ABOUT THIS EXERCISE
In the records that follow, find the line with "Buck Watercolor Print"; from there, retype every line exactly through the line with "Appraisal: A silver", which also belongs to the answer.

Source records
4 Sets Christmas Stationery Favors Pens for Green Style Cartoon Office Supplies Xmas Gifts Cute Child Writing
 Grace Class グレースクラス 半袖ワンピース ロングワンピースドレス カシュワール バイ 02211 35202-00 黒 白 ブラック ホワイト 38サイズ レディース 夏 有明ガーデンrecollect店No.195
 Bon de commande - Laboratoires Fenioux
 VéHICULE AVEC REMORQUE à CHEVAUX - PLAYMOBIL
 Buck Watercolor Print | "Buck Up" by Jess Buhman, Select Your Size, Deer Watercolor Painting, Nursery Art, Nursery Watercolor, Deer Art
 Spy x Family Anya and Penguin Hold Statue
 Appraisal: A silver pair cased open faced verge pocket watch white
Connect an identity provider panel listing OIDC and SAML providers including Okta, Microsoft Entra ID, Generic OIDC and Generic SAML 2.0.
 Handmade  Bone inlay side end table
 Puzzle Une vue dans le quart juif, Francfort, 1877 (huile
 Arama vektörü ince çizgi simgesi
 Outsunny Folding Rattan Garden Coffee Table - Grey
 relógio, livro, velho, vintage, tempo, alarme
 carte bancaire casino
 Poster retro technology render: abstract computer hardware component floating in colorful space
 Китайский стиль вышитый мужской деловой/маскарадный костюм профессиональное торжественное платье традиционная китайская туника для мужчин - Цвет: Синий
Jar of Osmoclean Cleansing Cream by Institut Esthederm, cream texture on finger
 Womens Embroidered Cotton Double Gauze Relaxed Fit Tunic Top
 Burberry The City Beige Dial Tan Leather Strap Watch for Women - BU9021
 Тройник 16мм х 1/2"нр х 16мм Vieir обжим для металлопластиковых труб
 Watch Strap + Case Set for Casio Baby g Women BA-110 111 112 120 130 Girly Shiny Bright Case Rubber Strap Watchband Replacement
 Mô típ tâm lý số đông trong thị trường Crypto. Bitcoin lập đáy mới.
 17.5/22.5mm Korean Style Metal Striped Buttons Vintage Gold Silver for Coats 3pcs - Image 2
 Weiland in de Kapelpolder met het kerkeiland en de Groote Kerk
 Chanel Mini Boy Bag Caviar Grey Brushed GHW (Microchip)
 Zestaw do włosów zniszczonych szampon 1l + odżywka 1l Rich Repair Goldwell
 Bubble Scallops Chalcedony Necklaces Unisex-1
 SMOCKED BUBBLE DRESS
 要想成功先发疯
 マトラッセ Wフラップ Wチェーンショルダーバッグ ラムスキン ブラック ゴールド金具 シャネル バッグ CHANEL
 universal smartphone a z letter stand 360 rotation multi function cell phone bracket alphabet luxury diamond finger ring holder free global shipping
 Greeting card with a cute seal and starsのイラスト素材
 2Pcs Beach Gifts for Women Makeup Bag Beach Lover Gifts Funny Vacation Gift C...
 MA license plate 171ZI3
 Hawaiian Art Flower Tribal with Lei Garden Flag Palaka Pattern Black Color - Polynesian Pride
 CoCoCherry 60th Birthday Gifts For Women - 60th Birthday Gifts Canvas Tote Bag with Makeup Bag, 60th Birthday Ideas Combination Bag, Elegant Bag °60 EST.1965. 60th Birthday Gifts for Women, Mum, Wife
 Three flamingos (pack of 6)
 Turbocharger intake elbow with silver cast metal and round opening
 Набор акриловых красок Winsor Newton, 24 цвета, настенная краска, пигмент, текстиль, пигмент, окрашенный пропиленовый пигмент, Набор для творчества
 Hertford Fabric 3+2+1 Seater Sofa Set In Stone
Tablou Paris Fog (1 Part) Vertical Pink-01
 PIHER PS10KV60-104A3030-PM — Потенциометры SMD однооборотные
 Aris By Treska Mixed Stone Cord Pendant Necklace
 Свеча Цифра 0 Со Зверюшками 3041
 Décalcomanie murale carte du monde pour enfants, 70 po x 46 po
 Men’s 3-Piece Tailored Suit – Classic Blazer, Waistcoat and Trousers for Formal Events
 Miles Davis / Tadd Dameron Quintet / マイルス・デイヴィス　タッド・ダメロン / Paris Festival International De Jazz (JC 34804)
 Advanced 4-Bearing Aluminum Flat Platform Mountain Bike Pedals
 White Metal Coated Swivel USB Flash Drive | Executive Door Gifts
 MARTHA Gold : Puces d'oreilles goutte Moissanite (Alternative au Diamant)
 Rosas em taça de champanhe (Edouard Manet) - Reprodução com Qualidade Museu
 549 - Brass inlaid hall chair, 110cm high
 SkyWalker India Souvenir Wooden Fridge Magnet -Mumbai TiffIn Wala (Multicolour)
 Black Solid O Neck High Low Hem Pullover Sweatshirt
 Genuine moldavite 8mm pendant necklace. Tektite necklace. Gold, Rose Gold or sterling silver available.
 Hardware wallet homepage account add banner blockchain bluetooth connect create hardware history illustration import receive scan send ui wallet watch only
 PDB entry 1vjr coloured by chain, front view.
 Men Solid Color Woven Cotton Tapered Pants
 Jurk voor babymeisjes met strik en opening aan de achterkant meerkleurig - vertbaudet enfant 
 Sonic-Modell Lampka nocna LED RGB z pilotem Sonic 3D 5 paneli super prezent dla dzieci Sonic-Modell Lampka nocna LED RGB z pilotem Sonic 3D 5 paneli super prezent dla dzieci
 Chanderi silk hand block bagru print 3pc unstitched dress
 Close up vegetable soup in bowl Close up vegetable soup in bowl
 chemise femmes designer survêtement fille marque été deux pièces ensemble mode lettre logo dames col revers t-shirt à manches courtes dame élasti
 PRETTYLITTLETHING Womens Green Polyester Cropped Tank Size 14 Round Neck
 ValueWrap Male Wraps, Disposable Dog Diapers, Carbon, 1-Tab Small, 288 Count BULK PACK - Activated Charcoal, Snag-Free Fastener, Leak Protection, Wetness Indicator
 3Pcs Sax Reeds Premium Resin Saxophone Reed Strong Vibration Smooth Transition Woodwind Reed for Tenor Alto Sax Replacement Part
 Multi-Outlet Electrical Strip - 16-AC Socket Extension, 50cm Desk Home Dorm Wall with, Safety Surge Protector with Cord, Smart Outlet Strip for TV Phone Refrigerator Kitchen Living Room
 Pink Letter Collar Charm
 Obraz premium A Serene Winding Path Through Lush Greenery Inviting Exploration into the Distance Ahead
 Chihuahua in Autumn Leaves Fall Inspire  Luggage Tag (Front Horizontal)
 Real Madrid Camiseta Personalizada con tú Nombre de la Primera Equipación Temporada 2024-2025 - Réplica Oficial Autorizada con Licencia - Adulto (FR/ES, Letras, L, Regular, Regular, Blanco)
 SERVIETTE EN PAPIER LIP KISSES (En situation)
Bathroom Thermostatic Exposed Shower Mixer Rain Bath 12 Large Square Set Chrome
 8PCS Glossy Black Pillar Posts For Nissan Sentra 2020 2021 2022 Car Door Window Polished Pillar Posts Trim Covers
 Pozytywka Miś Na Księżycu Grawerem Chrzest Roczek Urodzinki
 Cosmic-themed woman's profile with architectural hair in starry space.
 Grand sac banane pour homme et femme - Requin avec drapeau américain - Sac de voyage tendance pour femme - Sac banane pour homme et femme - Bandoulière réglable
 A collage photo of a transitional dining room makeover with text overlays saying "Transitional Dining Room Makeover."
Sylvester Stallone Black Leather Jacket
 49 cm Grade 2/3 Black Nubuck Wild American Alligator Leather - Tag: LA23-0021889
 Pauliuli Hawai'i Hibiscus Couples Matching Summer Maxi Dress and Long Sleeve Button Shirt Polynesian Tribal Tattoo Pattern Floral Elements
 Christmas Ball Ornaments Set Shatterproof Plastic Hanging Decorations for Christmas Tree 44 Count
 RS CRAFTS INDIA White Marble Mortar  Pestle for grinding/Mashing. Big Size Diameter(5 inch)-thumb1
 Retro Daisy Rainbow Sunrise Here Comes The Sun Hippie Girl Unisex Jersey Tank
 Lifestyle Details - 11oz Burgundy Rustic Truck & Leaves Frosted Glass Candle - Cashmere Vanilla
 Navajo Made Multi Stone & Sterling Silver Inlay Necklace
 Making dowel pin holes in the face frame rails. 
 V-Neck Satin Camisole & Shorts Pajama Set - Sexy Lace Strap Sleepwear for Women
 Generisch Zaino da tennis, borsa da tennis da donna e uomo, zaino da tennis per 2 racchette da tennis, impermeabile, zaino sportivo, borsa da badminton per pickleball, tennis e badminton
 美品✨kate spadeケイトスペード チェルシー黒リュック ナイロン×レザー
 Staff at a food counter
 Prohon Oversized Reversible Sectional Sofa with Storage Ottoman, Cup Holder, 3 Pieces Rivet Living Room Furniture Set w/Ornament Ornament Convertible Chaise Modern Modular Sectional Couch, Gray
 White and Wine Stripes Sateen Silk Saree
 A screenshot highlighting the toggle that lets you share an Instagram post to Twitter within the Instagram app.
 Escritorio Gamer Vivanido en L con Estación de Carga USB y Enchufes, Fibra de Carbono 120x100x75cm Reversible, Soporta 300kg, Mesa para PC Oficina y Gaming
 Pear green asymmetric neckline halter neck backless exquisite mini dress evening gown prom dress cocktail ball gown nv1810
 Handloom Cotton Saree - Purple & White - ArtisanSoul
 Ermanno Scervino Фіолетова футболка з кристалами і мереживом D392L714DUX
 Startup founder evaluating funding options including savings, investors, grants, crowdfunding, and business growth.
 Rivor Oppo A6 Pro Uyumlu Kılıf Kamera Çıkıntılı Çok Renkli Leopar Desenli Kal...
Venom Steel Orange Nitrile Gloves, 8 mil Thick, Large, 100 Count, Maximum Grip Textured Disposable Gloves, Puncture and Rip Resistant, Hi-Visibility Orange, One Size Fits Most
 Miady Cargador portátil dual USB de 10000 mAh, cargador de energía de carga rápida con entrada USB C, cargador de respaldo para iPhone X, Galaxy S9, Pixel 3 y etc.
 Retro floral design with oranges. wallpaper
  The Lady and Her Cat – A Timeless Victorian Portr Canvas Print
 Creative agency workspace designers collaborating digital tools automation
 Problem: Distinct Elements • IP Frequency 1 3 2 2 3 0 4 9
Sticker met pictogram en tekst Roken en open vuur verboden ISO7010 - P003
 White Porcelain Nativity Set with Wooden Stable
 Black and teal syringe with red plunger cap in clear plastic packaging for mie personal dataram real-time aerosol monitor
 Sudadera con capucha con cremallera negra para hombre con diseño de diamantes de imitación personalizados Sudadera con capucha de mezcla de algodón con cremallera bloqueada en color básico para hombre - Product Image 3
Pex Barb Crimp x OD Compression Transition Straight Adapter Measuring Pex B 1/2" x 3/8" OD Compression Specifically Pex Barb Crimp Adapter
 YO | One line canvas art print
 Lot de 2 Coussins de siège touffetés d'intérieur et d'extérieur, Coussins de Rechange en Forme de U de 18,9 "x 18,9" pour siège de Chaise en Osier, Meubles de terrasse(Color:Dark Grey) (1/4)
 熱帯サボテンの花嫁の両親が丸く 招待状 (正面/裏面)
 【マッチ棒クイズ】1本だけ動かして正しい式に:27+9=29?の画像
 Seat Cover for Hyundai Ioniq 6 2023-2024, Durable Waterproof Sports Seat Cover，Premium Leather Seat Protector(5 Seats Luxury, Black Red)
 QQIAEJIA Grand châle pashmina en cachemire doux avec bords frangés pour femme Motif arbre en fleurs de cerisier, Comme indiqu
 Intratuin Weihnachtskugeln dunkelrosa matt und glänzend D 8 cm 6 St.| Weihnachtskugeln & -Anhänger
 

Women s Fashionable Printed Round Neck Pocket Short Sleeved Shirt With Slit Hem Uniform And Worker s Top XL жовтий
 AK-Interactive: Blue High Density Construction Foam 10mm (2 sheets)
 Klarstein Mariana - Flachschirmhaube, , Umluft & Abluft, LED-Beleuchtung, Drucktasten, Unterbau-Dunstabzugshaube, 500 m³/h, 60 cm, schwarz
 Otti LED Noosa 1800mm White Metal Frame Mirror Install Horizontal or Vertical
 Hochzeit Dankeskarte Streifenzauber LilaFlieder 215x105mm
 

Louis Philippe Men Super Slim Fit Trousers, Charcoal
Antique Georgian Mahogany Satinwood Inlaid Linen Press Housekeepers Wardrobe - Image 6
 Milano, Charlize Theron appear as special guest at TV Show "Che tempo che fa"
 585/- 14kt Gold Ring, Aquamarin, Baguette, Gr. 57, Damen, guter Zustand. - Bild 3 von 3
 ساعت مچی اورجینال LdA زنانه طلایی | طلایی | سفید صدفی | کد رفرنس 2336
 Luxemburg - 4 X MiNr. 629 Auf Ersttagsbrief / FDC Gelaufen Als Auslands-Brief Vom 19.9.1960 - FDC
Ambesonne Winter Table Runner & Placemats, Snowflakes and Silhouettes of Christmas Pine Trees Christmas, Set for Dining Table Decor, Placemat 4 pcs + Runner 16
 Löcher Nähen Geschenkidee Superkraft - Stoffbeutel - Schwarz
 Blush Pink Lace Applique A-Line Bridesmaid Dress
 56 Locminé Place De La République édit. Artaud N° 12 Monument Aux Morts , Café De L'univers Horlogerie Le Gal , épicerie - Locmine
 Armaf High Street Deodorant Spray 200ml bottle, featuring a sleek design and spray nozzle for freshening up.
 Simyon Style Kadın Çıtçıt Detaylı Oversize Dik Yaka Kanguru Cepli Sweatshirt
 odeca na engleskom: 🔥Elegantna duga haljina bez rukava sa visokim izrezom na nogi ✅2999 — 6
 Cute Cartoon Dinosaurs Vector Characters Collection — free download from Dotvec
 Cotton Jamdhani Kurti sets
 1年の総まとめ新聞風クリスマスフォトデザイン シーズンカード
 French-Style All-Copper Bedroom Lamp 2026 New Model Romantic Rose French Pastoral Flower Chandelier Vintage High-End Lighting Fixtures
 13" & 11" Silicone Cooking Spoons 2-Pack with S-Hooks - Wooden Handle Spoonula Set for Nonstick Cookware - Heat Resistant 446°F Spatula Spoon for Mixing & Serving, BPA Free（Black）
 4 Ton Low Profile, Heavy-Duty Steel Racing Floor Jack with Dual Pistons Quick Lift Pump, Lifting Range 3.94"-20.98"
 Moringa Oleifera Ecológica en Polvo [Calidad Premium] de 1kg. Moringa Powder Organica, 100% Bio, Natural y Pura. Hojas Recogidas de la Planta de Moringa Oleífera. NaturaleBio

RESPONSE AREA
 Buck Watercolor Print | "Buck Up" by Jess Buhman, Select Your Size, Deer Watercolor Painting, Nursery Art, Nursery Watercolor, Deer Art
 Spy x Family Anya and Penguin Hold Statue
 Appraisal: A silver pair cased open faced verge pocket watch white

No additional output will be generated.